“Almost all” German companies have switched to using a defined contribution occupational pension scheme for employees, according to WTW.
Its German Occupational Pension Index 2024, which analysed over 200 companies in the country, found that 97 per cent make use of DC schemes and the majority of these use capital market-oriented interest models.
Insurance-based schemes make up the majority of these, at 58 per cent, as they remain the most popular with small- and medium-sized companies due to their efficient administration options, WTW said.
However, a fund-based model is now used by 21 per cent of companies (2021 - 16 per cent), whilst the prevalence of fixed-interest models continues to decline.
In most German companies (80 per cent), the contribution is calculated using a split contribution formula – usually with a split at the contribution assessment threshold of the statutory pension insurance (BBG).
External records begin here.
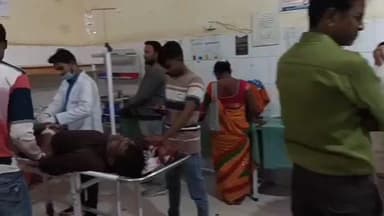 सीतापुर: औरंगाबाद के पास तेज रफ्तार डीसीएम ने एक मोटरसाइकिल को मारी जोरदार टक्कर, एक व्यक्ति गंभीर रूप से घायल, लखनऊ रेफर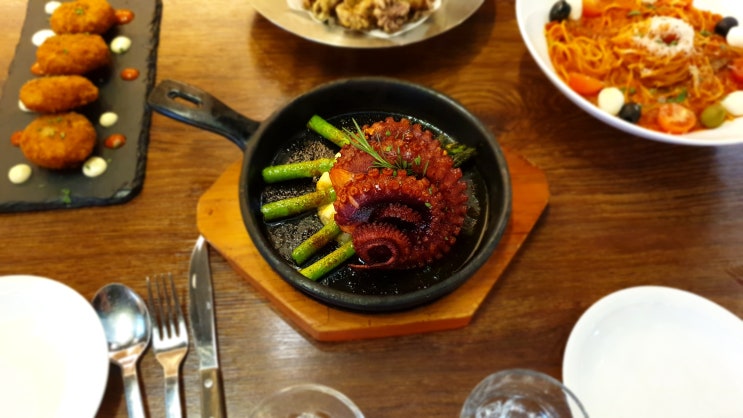  신논현생일파티 야무지게 먹고왔어요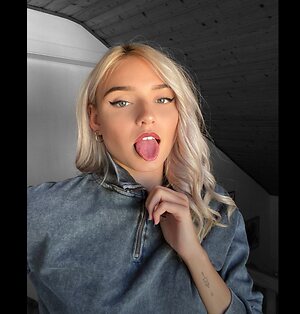 HoneyPuu leaked photo #306
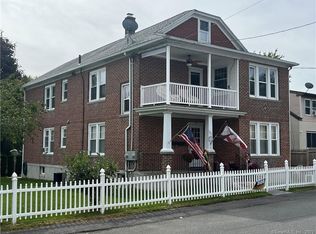 105 Hawthorne Ave, Waterbury, CT 06708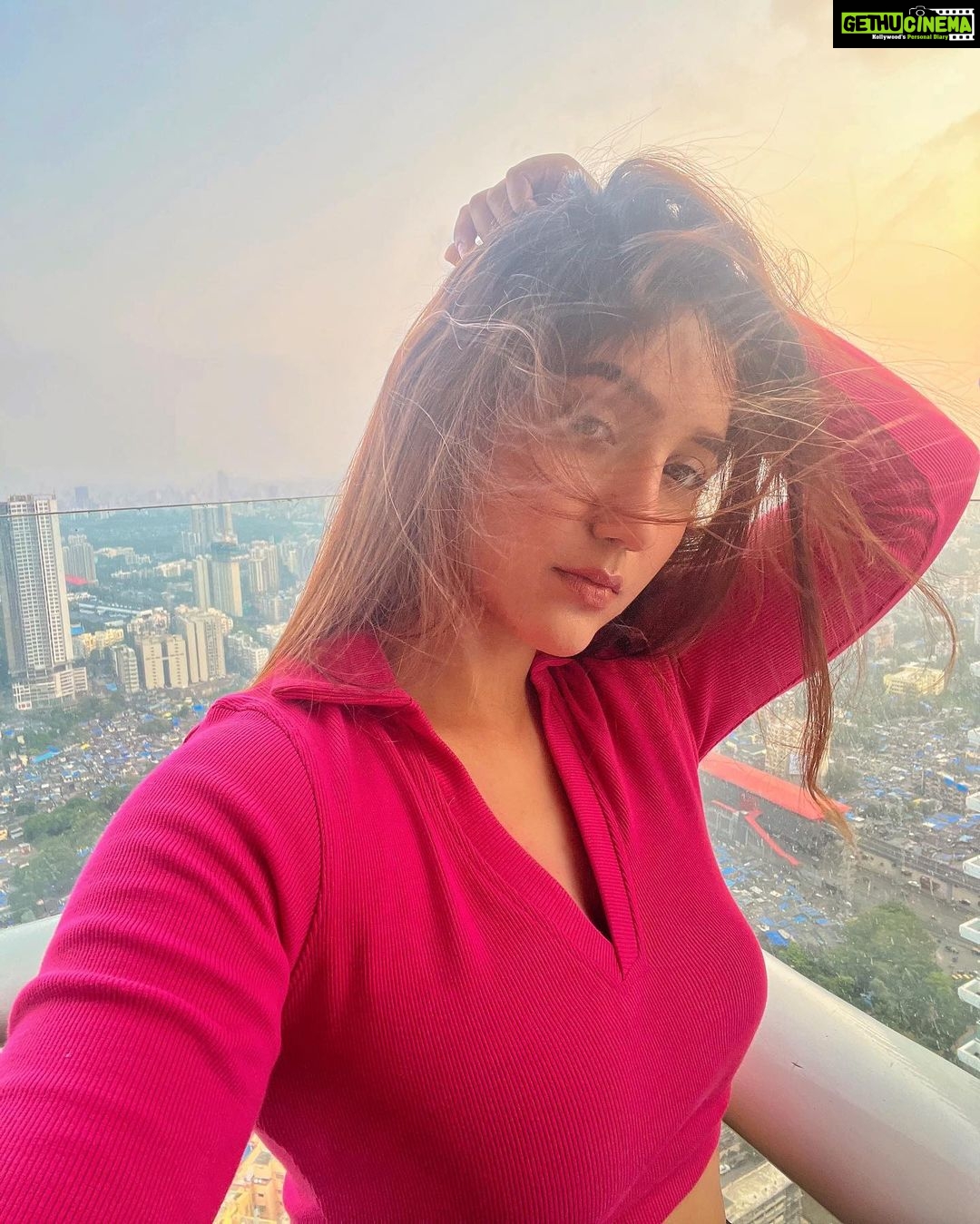 Ashnoor Kaur Instagram - Windy days, Sunkissed face… But the wind gushing through my hair like a blaze💨 (P.S. DONT miss the last picture🤣)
This has the advantage that for high earners the missing benefit from the statutory pension insurance can be compensated. The median contribution rates are 3 per cent up to the BBG and 10 per cent above the BBG.
Although most companies rely on a contribution-based system, the contribution rate remains highly sector-dependent and fluctuates significantly.
"When calculating their total remuneration packages, companies need to take a close look at what is considered standard market practice for their industry," WTW senior director retirement, Dr Johannes Heiniz, said.
"For example, contribution rates in sectors such as pharmaceuticals and chemicals are traditionally relatively high, while other sectors, such as construction and retail, have comparatively low rates."
Furthermore, WTW’s report found that large companies tend to be the trendsetters when it comes to occupational pensions. Heiniz said that they tend to be “10 to 15 years ahead of the market”.